Tralasciando considerazioni d’altra natura, è innegabile che in questo modo risultano confusi i confini e stravolti i ruoli tra fedeltà politica e coscienza morale e si generano pericolosi equivoci avallati spesso da colpevoli silenzi. Non si tratta di sconfessare e capovolgere la secolare conquista di Machiavelli, rivendicando oggi l’autonomia della morale dall’egemonia della politica; si tratta di rinverdire con nuova linfa vitale la deontologia politica, cioè riscoprire le ragioni etiche, che danno senso all’azione politica, da parte di tutti i cittadini, ognuno nel ruolo che ha scelto o che gli è stato affidato. Sopravvalutare le ragioni della politica significherebbe valicare i confini dello stato etico: sarebbe utile, allora, meditare sulle circostanze e sui contenuti del “Manifesto degli intellettuali antifascisti”, scritto nel 1925 da Benedetto Croce. Sopravvalutare il ruolo delle esigenze del privato significherebbe assolutizzare gli egoismi, avversari d’ogni possibile azione veramente politica. Alcide De Gasperi – che seppe perché, quando e come dedicarsi alla politica e intuì quando e come uscirne – insegna che il politico è democratico quando possiede e pratica il “metodo democratico”, cioè quando cerca il dialogo e rispetta la deontologia propria della politica: un governante ottimo – ammonisce – rispetta i valori con fedeltà costante e grande coerenza. Queste, però, non un valore in sè e per sè, ma sempre agganciate a una scelta, che abbia valore in sé e che ne fondi la validità.
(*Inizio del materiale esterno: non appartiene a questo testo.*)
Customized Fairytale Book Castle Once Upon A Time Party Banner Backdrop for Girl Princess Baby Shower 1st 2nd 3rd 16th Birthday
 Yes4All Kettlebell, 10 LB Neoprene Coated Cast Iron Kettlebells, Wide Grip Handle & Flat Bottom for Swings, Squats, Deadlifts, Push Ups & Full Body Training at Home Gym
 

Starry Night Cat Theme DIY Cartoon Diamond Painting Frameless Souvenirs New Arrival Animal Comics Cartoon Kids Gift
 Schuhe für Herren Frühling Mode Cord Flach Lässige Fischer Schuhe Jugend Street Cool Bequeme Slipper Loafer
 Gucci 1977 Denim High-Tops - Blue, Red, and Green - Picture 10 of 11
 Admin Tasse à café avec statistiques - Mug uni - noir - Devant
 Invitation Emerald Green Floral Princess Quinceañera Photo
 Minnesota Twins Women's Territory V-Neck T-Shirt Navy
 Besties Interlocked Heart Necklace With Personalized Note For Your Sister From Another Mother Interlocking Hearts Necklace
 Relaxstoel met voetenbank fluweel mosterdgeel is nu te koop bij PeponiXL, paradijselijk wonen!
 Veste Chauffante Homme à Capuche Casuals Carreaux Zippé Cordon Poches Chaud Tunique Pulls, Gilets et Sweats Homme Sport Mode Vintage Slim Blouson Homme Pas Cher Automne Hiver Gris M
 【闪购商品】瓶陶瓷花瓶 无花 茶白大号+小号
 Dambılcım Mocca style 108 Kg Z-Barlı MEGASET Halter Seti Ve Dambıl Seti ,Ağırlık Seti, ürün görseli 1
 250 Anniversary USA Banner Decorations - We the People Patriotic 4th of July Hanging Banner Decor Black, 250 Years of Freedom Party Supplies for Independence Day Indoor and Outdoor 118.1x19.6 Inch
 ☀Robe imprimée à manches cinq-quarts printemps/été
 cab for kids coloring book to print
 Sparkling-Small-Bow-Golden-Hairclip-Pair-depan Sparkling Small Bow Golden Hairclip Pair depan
A battere un terreno più concreto ci indirizza Enrico Berlinguer, audace innovatore politico: “I partiti – dichiara già nel 1981 a Eugenio Scalfari – non fanno più politica, e questa è l’origine dei malanni d’Italia”. E Aldo Moro, martire per la coerenza, avverte: “Per fare le cose, occorre tutto il tempo che occorre” e raccomanda il rispetto del ruolo degli organi intermedi: “Il decentramento nella gestione degli interessi comuni – ammonisce – è uno strumento dell’avvicinamento del potere agli amministrati e dell’umanizzazione di esso come garanzia del suo retto fine”. Insegnamenti necessari anche nei nostri tempi. In momenti di particolare smarrimento ci soccorre comunque l’esperienza di Mahatma Gandhi: “Meglio un milione di volte sembrare infedeli agli occhi del mondo che esserlo verso noi stessi”.